Otto Waldis (born Otto Glucksmann-Blum, May 20, 1901 – March 25, 1974) was an Austrian-American character actor in films and television from the 1930s through the 1960s. He was also billed as Otto Blum.

Years in Germany 
Waldis was born Otto Glucksmann-Blum in 1901 in Vienna. He was a student during World War I and initially studied to be a naval engineer. When Germany had no navy after the war, he shifted his attention to acting in the 1920s. Rudolph Schildkraut saw him perform and encouraged him to pursue a theatrical career. Billed as Otto Valdis, he performed Shakespeare and classic German plays. He also directed plays.

Waldis began made his film debut in a small role in director Fritz Lang's classic thriller M (1931) starring Peter Lorre.

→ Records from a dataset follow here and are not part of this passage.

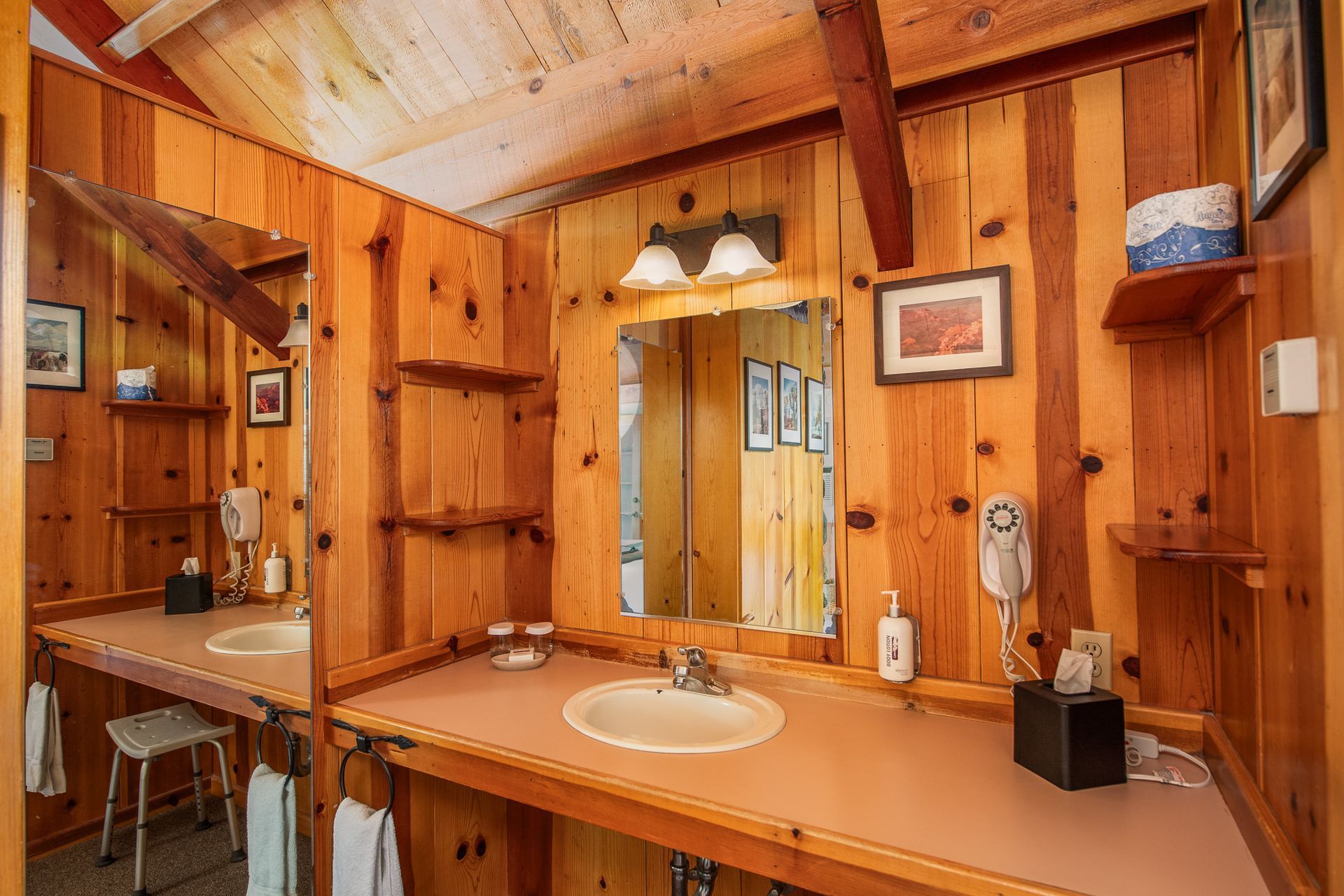 Wood-paneled rustic bathroom with double sinks, mirror, and warm lighting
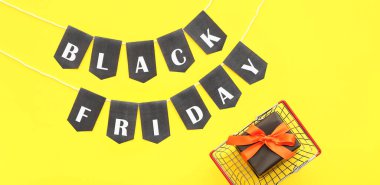 Hediye sepeti ve sarı arka planda siyah cuma yazılı çelenkler.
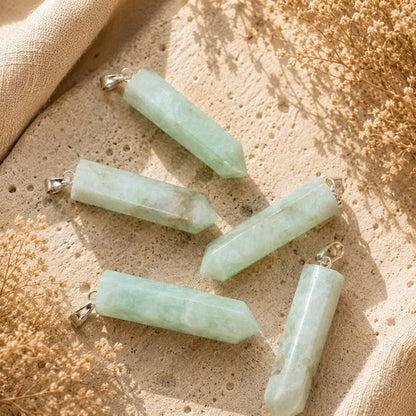 Five Amazonite point pendants with silver bail loops arranged on a textured beige stone surface with dried flowers and soft linen fabric.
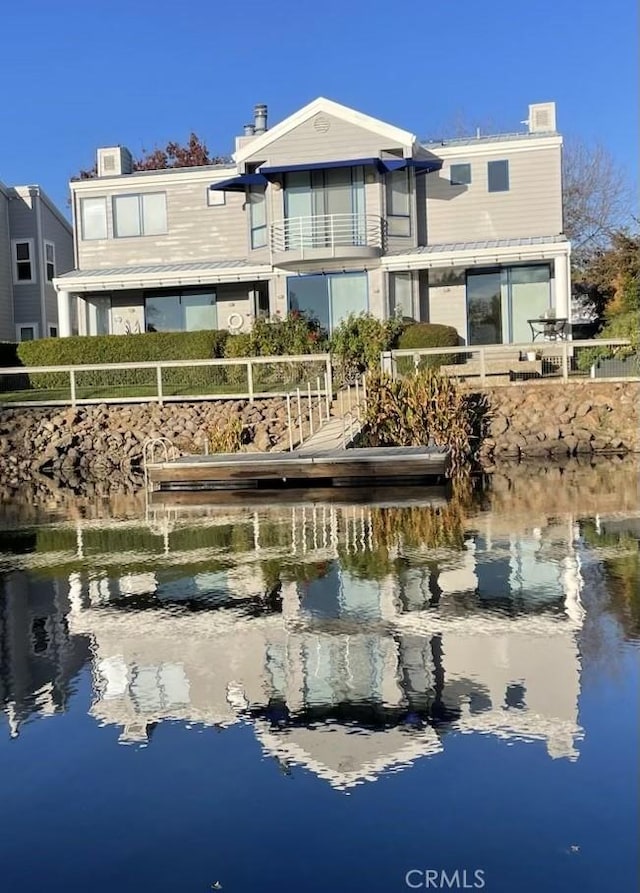 rear view of house featuring a chimney, a water view, and a balcony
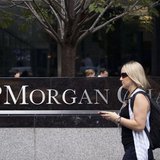 A woman walks past JP Morgan Chase's international headquarters on Park Avenue in New York July 13, 2012. REUTERS/Andrew Burton A woman walks past JP Morgan Chase's international headquarters on Park Avenue in New York July 13, 2012. REUTERS/Andrew Burton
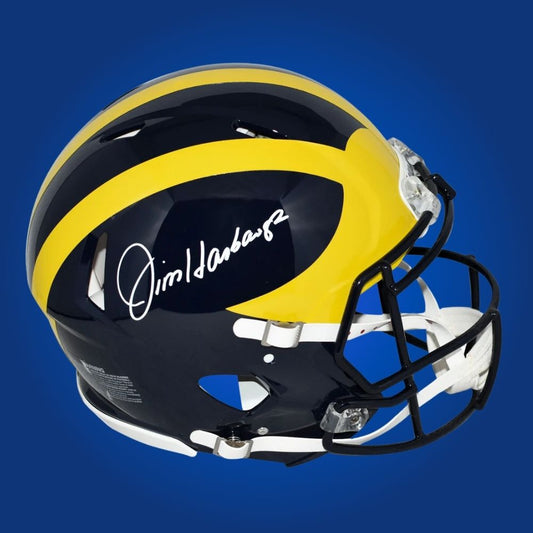 Autographed Michigan Wolverines full size Authentic Helmet signed by Jim Harbaugh, shown on a white background. SportsMarkets collectible product photo.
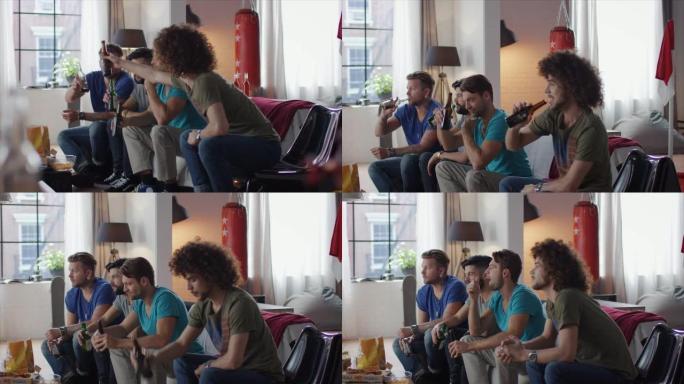男人们坐在沙发上看电视，碰着瓶子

After he began acting regularly in films, he had the lead in The Broken Pitcher, which received first prize in an international competition in 1934.

Emigration and work in Hollywood 

The Jewish actor fled from Europe because of the persecution from the Nazi Regime. He and his wife left Austria and arrived in Birmingham, Alabama, in June 1940. He worked as a photographer in Birmingham.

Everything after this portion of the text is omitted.